Through the years, Thompson has been called "The Godmother," with piercing dark eyes and a crooked right index finger that no one ever wanted pointed at them in anger. She was a familiar figure in her straw hat with lei band.

She was a Hawaii County employee when she volunteered in 1969 to run the Merrie Monarch because no one else wanted to. The festival was in danger of dying. One of the first things she did was establish new goals: to gather the best hula dancers from all the islands, revive the art and to create "a rite, a celebration, a fete, a statement" about Hawaii and its people.

But those first few years were lean. The fledgling event received no support from the county, Hilo residents or the news media, Thompson recalled Wednesday in an interview. In 1974 and 1976 she had to take out bank loans to keep the festival afloat.

"I begged for publicity, but no one would touch us with a 10-foot pole. If we had 100 people attending (civic center), that was a big crowd."

Still, she maintained strict standards, refusing to take money from major corporations, to move the event to a bigger venue outside Hilo or to increase ticket prices.

"This festival is for the Hawaiian people, not the business people. I don't believe in making any changes just to make more money or to attract more people. That would make it much too commercial, and who benefits from that? Not Hawaiians, not the halaus, not the kumu hulas, not Hilo people."

Thompson's definition of the ideal sponsor: "Someone who donates ... and asks for nothing in return."

The turning point was in 1976 when festival officials -- Thompson, actually -- agreed to allow the kane, or men, into the competition. "We had a lot of requests -- actually, in the old days it was the men who danced the hula," she said. "There were plenty of highly qualified kane groups to compete."

Today, the Merrie Monarch budget runs about $200,000, with funding from in-kind services and donations as well as ticket, T-shirt and program sales. "Some money" comes from KITV, which has been broadcasting the event since 1981. The festival remains an all-volunteer event -- Thompson was never paid, either.

It's 4:45 a.m. on the last day of competition when daughter Kawelu arrives to make sure the lights are on for the first hula halau to practice.

Unlike her mom, Kawelu, 61, is instantly approachable, her brown eyes full and sparkling, the smile disarming. She served as her mother's assistant for 26 years but knows she has "huge shoes to fill" and tries to avoid discussing her mother's "retirement."
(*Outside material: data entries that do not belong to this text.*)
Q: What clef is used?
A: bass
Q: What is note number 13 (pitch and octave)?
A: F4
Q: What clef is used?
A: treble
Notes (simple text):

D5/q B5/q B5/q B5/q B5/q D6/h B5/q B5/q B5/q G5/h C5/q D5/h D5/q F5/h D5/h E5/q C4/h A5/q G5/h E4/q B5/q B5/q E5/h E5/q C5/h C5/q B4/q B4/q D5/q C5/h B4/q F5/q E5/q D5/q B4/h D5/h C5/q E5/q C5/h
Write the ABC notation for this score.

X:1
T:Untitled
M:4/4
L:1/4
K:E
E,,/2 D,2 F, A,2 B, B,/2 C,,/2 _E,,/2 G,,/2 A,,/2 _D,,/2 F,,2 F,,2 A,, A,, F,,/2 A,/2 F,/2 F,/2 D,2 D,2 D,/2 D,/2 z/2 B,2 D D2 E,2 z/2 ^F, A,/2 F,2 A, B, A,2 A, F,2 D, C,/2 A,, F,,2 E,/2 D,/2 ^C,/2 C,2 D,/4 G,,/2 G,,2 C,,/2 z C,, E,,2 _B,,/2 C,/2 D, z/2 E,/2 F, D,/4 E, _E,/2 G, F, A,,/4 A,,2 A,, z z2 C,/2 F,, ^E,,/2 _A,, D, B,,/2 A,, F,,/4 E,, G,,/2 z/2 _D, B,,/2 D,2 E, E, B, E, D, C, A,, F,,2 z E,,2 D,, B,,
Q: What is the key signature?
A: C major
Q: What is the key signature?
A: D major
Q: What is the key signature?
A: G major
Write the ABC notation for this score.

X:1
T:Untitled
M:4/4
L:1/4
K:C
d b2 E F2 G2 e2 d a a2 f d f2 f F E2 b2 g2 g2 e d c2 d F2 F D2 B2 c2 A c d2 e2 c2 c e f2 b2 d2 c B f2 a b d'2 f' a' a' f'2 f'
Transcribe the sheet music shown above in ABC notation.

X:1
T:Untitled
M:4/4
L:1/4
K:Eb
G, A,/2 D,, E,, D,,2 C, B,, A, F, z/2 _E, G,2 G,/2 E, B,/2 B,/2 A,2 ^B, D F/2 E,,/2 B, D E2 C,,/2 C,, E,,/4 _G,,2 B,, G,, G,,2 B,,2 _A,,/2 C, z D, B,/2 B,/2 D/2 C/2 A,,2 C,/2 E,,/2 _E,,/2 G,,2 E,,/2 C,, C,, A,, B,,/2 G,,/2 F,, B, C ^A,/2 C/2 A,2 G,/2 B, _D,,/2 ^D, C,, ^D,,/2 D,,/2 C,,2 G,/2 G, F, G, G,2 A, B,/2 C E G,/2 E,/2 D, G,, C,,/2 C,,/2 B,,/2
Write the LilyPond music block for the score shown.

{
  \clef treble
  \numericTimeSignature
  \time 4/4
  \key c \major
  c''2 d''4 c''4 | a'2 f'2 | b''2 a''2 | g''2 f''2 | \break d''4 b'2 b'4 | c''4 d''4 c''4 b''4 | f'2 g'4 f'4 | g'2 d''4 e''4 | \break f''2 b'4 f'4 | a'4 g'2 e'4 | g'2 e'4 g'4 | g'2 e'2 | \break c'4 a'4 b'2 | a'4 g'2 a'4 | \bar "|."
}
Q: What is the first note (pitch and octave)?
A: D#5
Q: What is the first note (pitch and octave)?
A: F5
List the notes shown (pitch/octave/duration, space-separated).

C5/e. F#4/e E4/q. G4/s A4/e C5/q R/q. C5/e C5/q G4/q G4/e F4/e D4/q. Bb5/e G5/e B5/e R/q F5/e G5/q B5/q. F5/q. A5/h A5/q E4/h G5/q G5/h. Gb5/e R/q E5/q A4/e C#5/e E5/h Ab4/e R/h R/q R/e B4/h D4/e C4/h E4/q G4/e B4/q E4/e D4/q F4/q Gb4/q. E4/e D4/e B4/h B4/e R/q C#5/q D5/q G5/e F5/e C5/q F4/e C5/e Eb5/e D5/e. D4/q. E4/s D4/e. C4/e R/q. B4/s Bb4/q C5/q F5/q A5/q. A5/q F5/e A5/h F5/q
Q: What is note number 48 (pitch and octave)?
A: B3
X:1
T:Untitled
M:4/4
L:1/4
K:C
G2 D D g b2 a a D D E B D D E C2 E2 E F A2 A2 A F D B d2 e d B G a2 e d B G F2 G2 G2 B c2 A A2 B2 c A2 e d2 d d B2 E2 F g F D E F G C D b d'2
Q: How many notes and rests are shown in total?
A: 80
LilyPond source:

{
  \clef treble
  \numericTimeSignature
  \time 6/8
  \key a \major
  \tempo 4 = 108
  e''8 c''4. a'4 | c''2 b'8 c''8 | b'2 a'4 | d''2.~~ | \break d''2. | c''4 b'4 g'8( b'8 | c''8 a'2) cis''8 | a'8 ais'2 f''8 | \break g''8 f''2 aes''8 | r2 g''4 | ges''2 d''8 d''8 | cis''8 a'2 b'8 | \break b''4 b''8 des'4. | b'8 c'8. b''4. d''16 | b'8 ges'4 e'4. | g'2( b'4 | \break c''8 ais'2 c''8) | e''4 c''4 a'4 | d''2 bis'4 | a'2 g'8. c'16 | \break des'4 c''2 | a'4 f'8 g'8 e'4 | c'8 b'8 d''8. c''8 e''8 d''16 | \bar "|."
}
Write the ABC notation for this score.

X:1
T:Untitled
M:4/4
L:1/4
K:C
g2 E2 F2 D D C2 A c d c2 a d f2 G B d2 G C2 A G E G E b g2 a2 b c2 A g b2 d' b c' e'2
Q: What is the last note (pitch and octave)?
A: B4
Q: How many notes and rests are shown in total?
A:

"I don't want her to leave," Kawelu said, covering her mouth to soften sudden sobbing. "She says it's my turn now and there are decisions for me to make."

In a private meeting with kumu hulas and judges last September, Thompson did announce that "my daughter is taking over the festival."

Kawelu's tears start to flow when reminded of the meeting. The festival will remain her mother's legacy, she said. "I can't imagine her not being a part of this. No one can. This is very, very hard for all of us. My mom is 81, and I know this means someday she's not going to be around."

Only a few close friends and family know that in February Thompson suffered an attack of Bell's palsy, which causes paralysis on one side of the face and makes the mouth droop.

Saturday night was the first time that Kawelu, not her mother, presented the awards. "She ordered me to do it," Kawelu said. "She said, 'You have to learn, and you better wear a muumuu.'"

Kawelu still called Thompson at home to ask again whether she was going to make the 10-minute trip to the stadium. "She was sleeping and said it was my turn to take over."

She said nothing to the audience about her mother's absence. "My mom is very private and wouldn't want me to do that."